RECORDED INFORMATION »
┏━━
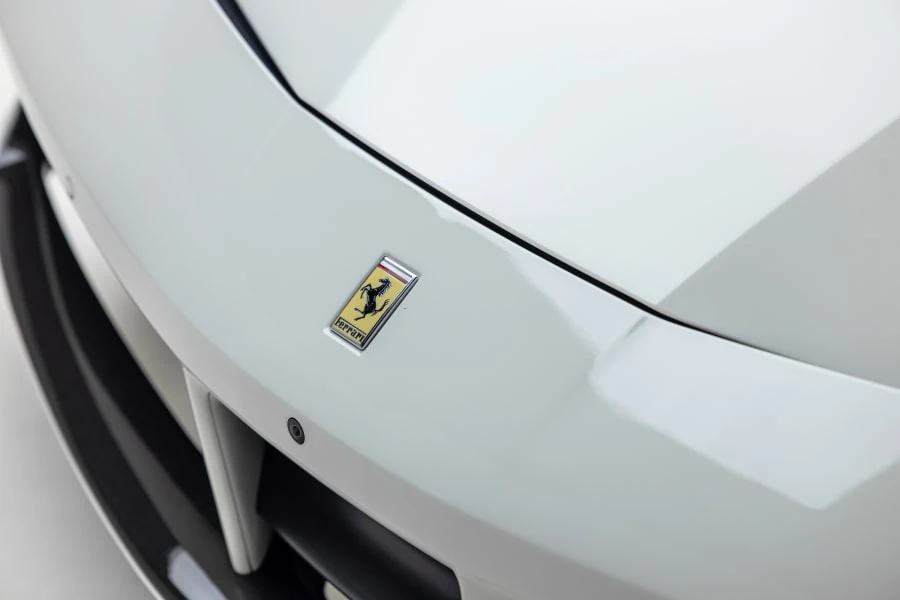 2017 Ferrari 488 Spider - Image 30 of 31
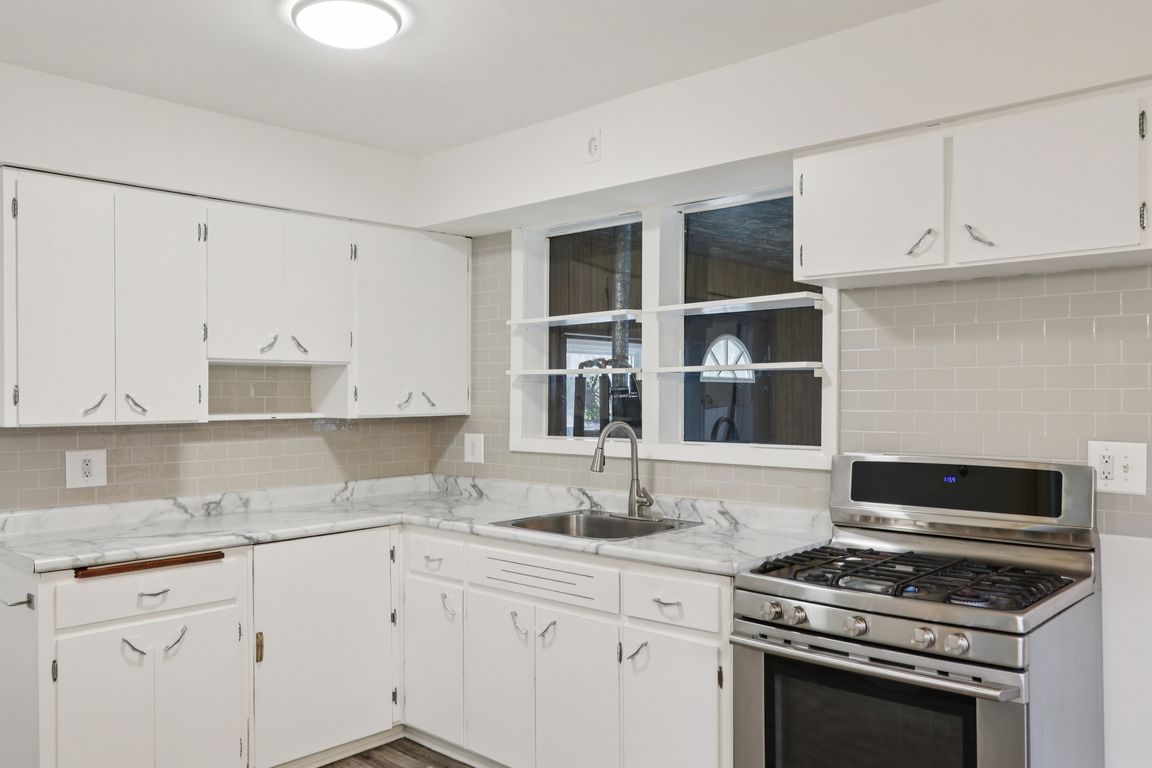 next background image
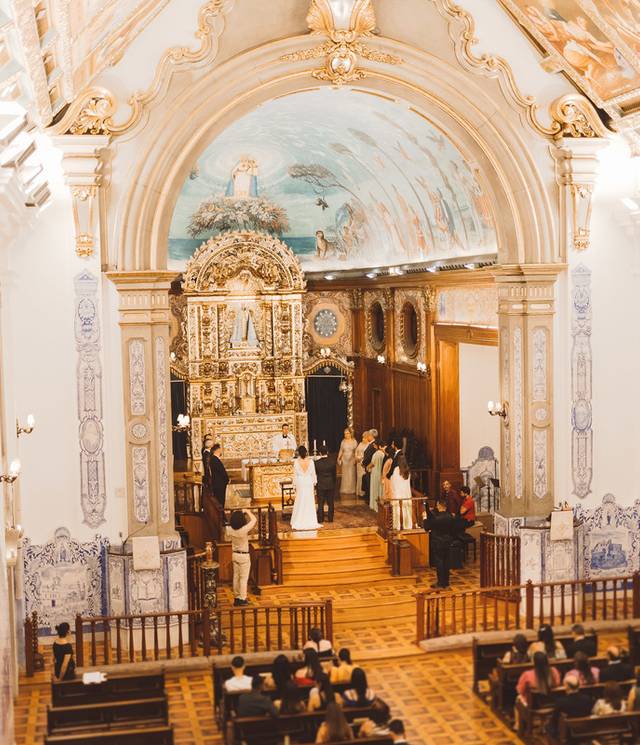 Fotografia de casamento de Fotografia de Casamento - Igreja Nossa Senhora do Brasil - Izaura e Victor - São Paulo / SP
┗━━
In the listing above, transcribe exactly the lines from the line containing "next background image" through the last one, both included, but not the pictures.

 next background image
 Fotografia de casamento de Fotografia de Casamento - Igreja Nossa Senhora do Brasil - Izaura e Victor - São Paulo / SP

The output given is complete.